Doctor Kevin Cahill is a world-renowned physician and global humanitarian reflects on his experiences in Sudan and how it might help tackle the COVID-19 pandemic.
Many years ago I experienced a prolonged period of solitude while working in a US Navy Research Unit in South Sudan. Shortly after I arrived in a conflict zone in Malakal, 500 miles beyond Khartoum, all missionaries were declared persona non grata and forced to leave the country.
Since they were almost the only Westerners in the area and were the primary providers of healthcare, I found myself without personal or professional contacts. I felt alone, but not lonely, and realized that this was time for reflections, time to consider that imaginative ideas were often more important than repetitive actions and that a well-conceived plan was an essential foundation for long-lasting progress.
It was a formative, almost life-changing experience. The solitude forced me to choose new directions, to make decisions not influenced by the transient concerns of the moment, and to build a foundation that could simultaneously sustain multiple endeavors. One learned the futility of merely bemoaning a fate imposed, not chosen, and to somehow create new programs out of adversity.
My perception and perspective of the world around me changed. Details of our research project were grounded in science, but I recognized there was an essential role for love and trust and sharing if I was to accomplish my goals in a crisis situation. There were few guidelines available but inner strengths emerged in that period in South Sudan, and have served me well over the decades.
We are currently stalled in the highly infectious -- often lethal-- COVID-19 outbreak, with political rumors, or blame all about. I send another message to our “family” of humanitarian workers and physicians who I have tried to help prepare for these challenges. None of us could have predicted the extent of the global dysfunction but the history of previous plagues provides hope rather than despair.
I was once asked to name the most memorable country in which I had worked. I chose South Sudan, for reasons that are perhaps relevant to the climate we endure during the present pandemic. I spent four months in Malakal, where the various local tribes were intent on eliminating each other, and the process was facilitated by perverse interventions from the national government in Khartoum.
The expulsion of the missionaries was an effective death threat to those ill with treatable diseases, to the wounded, and to the local and public health programs. I found myself as one of a handful of clinicians in a vast area, and that allowed me to transcend the limited goals of my Navy research assignment.
A primary lesson in disaster relief work is that one must stay healthy--not only to survive but to be able to serve others. This is not a selfish exercise but a recognition of our own frailty in the midst of epidemic infections. Adequate rest, a decent diet, and personal exercise are important components of the humanitarian’s daily regime. I usually begin my training program for new candidates in this noble field by stating, simply but directly, that you will do no good for anyone if you fall ill.
My routine in South Sudan was to arise early, have a modest breakfast of fruit and bread, do an indoor exercise (because there were usually large snakes around the small house) and prepare a schedule for the day. One could not always adhere to the program but it was well to delineate goals. I would also suggest that it is important to keep a diary; it allows one to assess recent activities, and years later to be reminded of the bygone challenges one unexpectedly faces in life.
The research activities--the formal reason the US Navy had assigned me to the area-- was to collect specimens in a project studying a specific parasitic disease, Leishmaniasis. Since my predecessors had been PhD scientists, the focus had been on species identification and animal vectors; but as a medical doctor, I was more interested in the clinical signs, symptoms, and response to therapy.
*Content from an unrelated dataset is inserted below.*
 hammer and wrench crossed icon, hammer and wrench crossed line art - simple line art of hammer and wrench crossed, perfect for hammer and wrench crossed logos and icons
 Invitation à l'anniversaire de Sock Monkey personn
My major contribution was to demonstrate that the Leishmania organism could give a radically different presentation in a well-nourished Westerner than in the local population. Factors, including basic nutrition and concurrent anti-malarial drugs, were also considered.
The research specimens were sent to our main laboratory in Cairo, Egypt. Here the packages met a fate that the world is dealing with in the current pandemic--the intrusion of superpower politics in a humanitarian operation. Packages--even scientific specimens--could not be sent from Egypt to the WHO reference lab in Israel; they had to be first sent to Geneva, Switzerland before repackaging and transfer to Tel Aviv. This caused unreasonable delays, but no one dared comment on this ridiculous folly.
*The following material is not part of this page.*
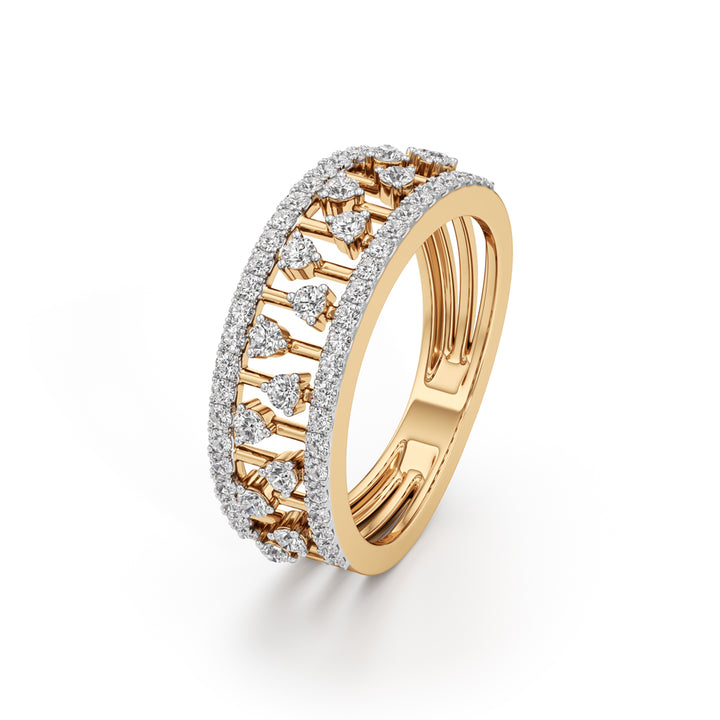 Architectural Three-Row 925 Silver 18k Gold Plated Wide Statement Band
The remainder of my day in Malakal was devoted to medical and public health projects. I shall cite but one example of an adaptation to reality on the ground. An indigenous healer had served the community for many years - using ash, chicken bones, and incantations - to divine out evil forces. I had a modest supply of modern Western drugs and equipment and confidence in my technical skills in healing. But rather than have a confrontation - since I realized that he would stay long after my four-month tour in the area ended - I proposed we work together. He had the essential community outreach and the trust of the tribal leader.
There was simply no reason to waste precious time emphasizing the contrasts in our approaches to clinical problems, and so we cooperated in helping the sick. The system worked well, and I departed on schedule strongly suspecting the healer would continue to serve, especially in the absence of the missionary health clinics.